Be a man – deal with it or go have a whinge!

“Hi, how are you doing?” [- No response -]
Girl with the red silk scarf just walks away.

“Hi, how are you doing?” [- No response -]
Girl with the blue cocktail dress looks at you but then just walks away.

“Hi, how are you doing?” [She says, “Go away!”]
Girl with the black knee-high boots responds but does not give you any eye contact.

“Hi, how are you doing?” [She says, “Fine.”]
Girl with the white trench-coat responds but then proceeds to walk away.

“Hi, how are you doing?” [She says…

“Hey, I’m great. How are you tonight?”]

It is a fact of life that you’re going to get rejected at one time or another. Unless you’re living under a massive rock, it wouldn’t be the rollercoaster of life if you didn’t. Not everything is going to go your way so if something goes wrong, you can either deal with it or you can go have a whinge – I prefer the former.

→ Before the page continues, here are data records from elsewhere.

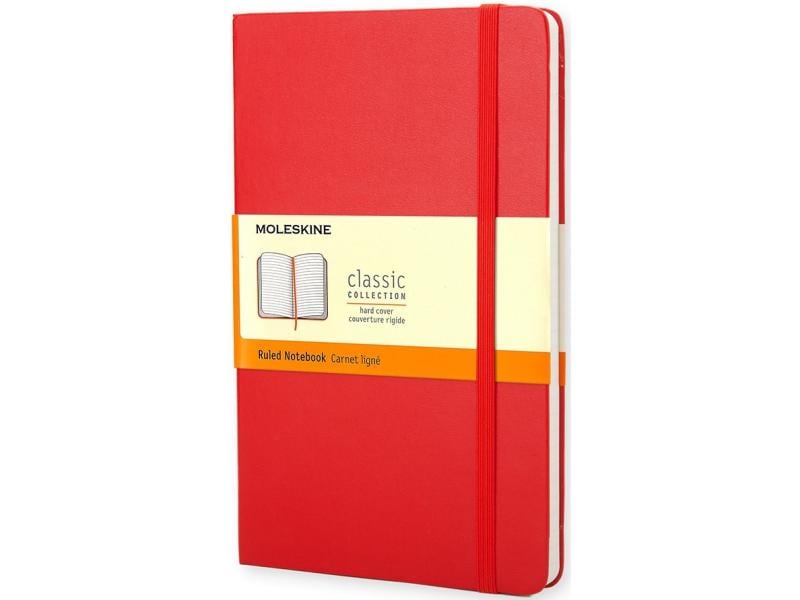 Moleskine Bloc-notes Classic A5 À lignes, Rouge, 240 pages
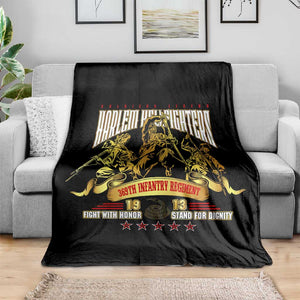 Harlem Hellfighters 1913 Blanket Fight with Honor, Stand for Dignity - 369th Infantry Regiment - African Pride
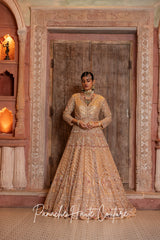 Pastel Shade Anarkali with Lehenga Skirt Mehraab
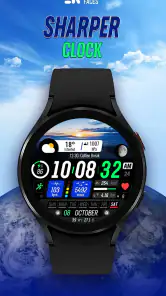 Sharper Clock - Watch Face screenshot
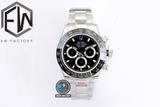 NEW 2021 / EW FACTORY BEST 1:1 / ROLEX DAYTONA OYSTER STEEL 116500LN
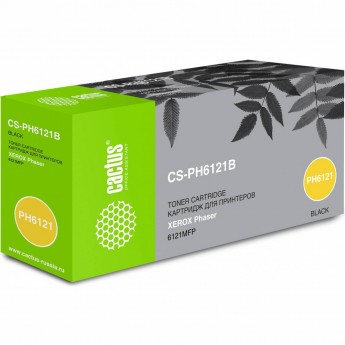 Лазерный картридж CACTUS CS-PH6121B (106R01476) черный для Xerox Phaser 6121, 6121mfp, 6121MFP D, 6121MFP N (2'600 стр.)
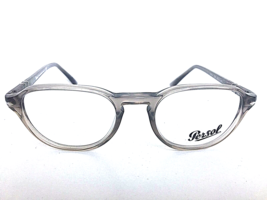 New Persol 3053-V 1029 52mm Rx Transparent Gray Eyeglasses Frame Italy - £133.67 GBP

Now if there’s any situation where rejection is as common as the common cold, it’s in the dating arena. You can get rejected left-right-and-centre because we live in day and age where a simple “Hey” can go unnoticed.

When a “Hey” goes unnoticed it spells absolute arrogance in my mind – that’s a-r-r-o-g-a-n-c-e. Perhaps I’m getting a bit fired up here like when I forgot to press the “Save” button when I finished writing up this article (Yes, I had to re-write EVERYTHING!) but it these type of women (and men of course) who make it difficult for a lot of people to find their partners. I don’t want to make this a personal vendetta so let’s look at this from an objective point of view as to why a simple “Hey” can go unnoticed.

Objectively, there could be multiple reasons as to why a “Hey” can go unnoticed. For example, she had a terrible day at the office, she’s not in the “mood” or that an ulcer in her mouth prevents her from speaking. At the same time, she could be shy, tongue-tied or even nervous – fair enough. Now don’t get me wrong, it’s very important to be considerate of the other person by understanding the reasons behind her lack of response but then there are those women who just completely ignore you because they think that they are better than you. With that said, never ever beat yourself up if you get rejected in a situation like this. There are things that you can control and there are things that you can’t – concentrate on what you can.

There are a lot of things that you can’t control and as shallow as this might sound, she might not like your freckled manly-cheeks, she might not like your facial hair growing on your manly-chin and you know what, she might not like the fact that you’re manly-Asian! Simple business/life 101, you can’t please everyone so concentrate on what you can.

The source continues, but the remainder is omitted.